Copying rule for the data below: pictures stay out, and only the lines from the one with "Boys Navy UConn" down to the one with "Photo Frames - Aqua", inclusive, are repeated exactly.

* [Extracted data]
========================================================================
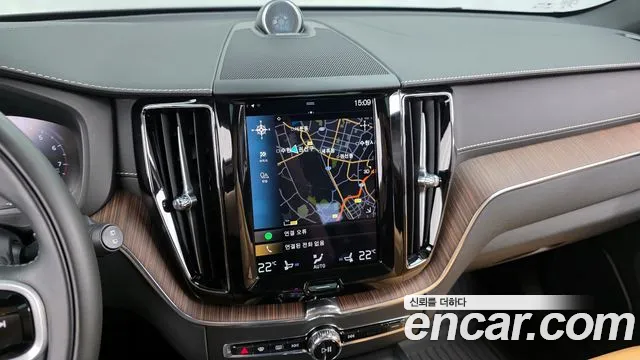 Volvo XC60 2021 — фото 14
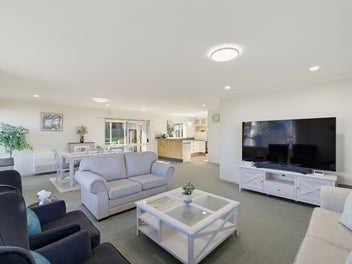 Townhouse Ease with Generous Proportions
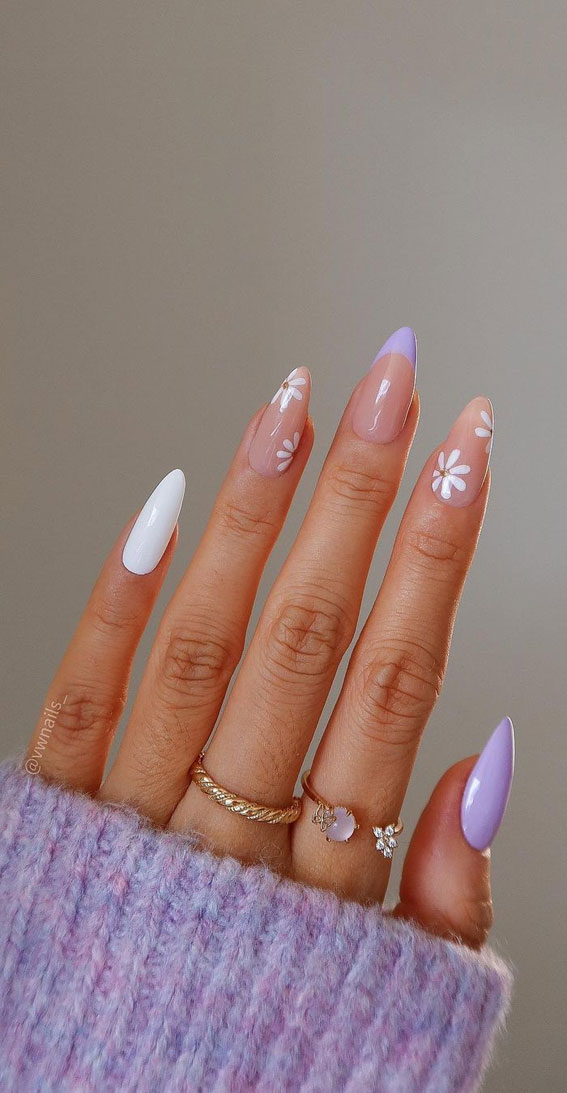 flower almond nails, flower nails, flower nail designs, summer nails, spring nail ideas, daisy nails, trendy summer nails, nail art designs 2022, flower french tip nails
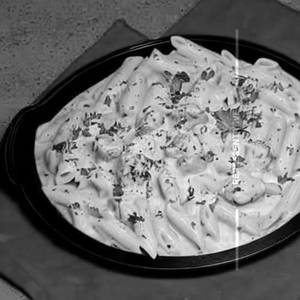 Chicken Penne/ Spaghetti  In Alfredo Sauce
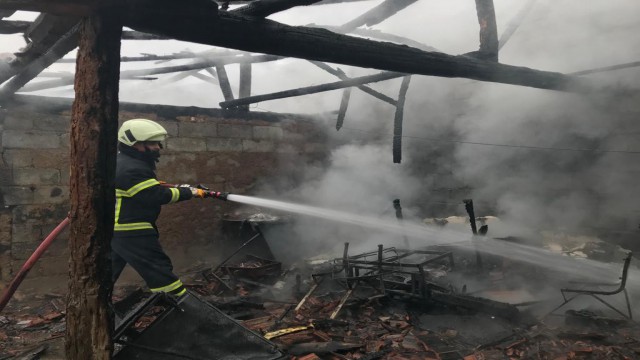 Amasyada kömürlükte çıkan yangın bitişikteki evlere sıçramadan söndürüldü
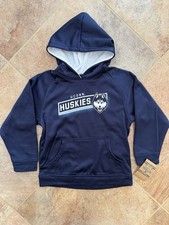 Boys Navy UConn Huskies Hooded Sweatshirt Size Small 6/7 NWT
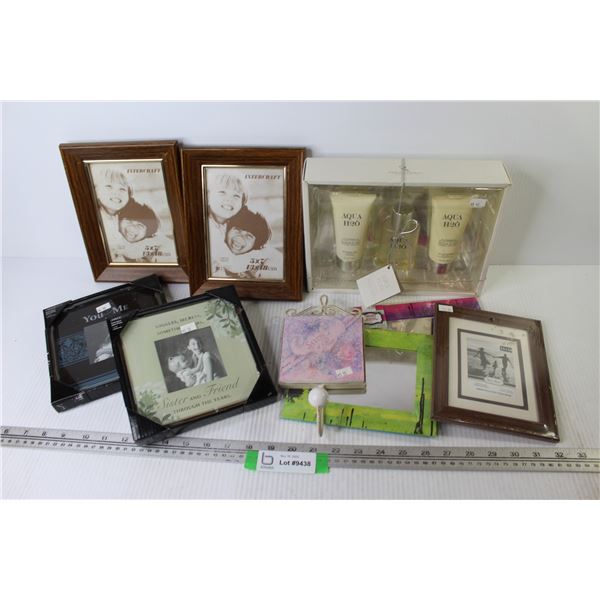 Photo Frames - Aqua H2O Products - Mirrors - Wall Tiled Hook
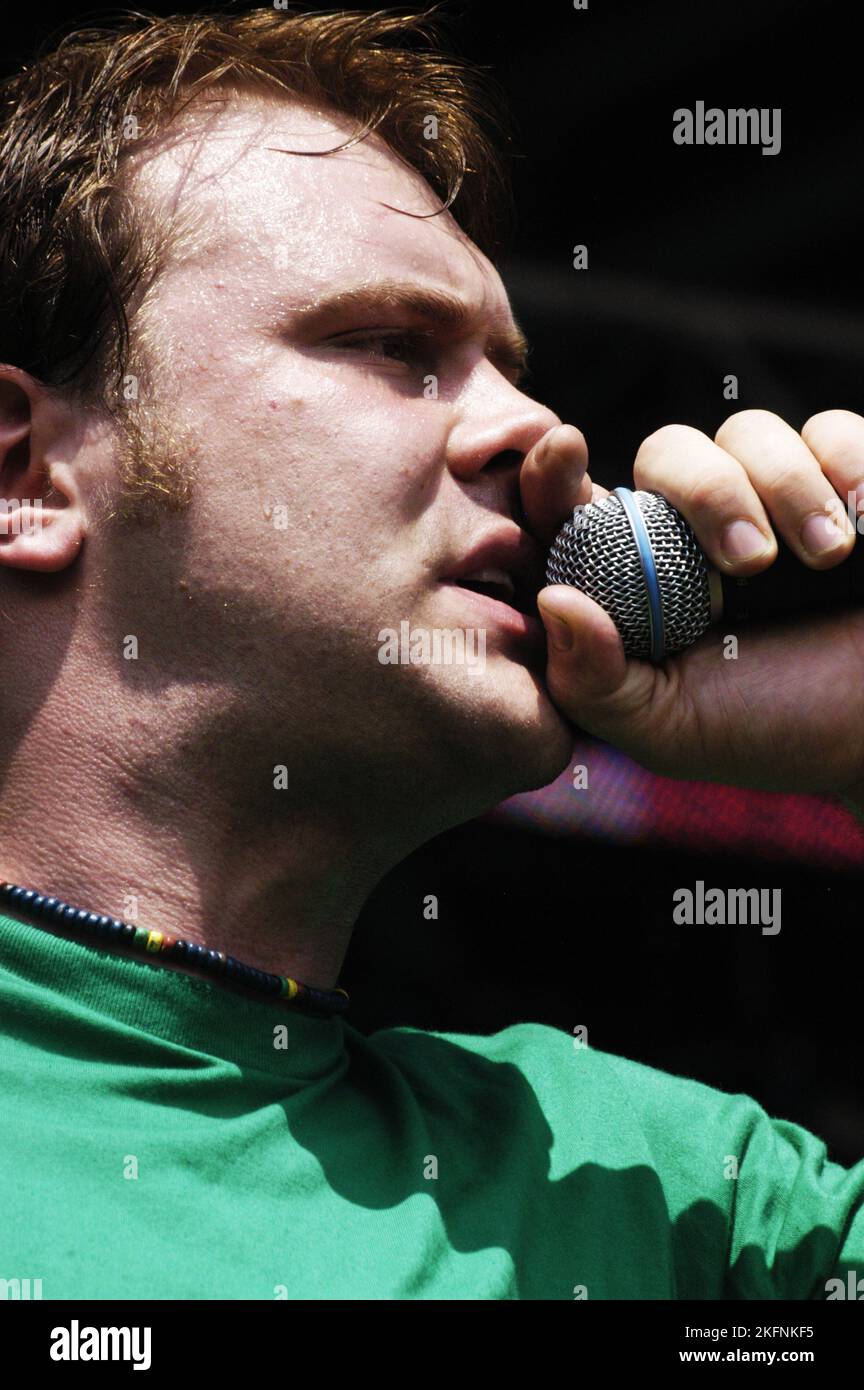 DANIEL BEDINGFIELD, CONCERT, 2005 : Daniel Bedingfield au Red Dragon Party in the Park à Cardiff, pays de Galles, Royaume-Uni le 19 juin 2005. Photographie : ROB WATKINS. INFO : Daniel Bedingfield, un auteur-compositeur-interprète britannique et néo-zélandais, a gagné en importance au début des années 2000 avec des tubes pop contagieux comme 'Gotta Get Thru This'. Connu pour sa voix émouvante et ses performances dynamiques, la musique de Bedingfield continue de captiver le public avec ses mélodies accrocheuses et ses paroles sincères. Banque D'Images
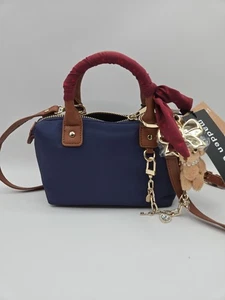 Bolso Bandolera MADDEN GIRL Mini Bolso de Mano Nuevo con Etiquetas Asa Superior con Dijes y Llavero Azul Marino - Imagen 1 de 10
========================================================================
* [Result]
 Boys Navy UConn Huskies Hooded Sweatshirt Size Small 6/7 NWT
 Photo Frames - Aqua H2O Products - Mirrors - Wall Tiled Hook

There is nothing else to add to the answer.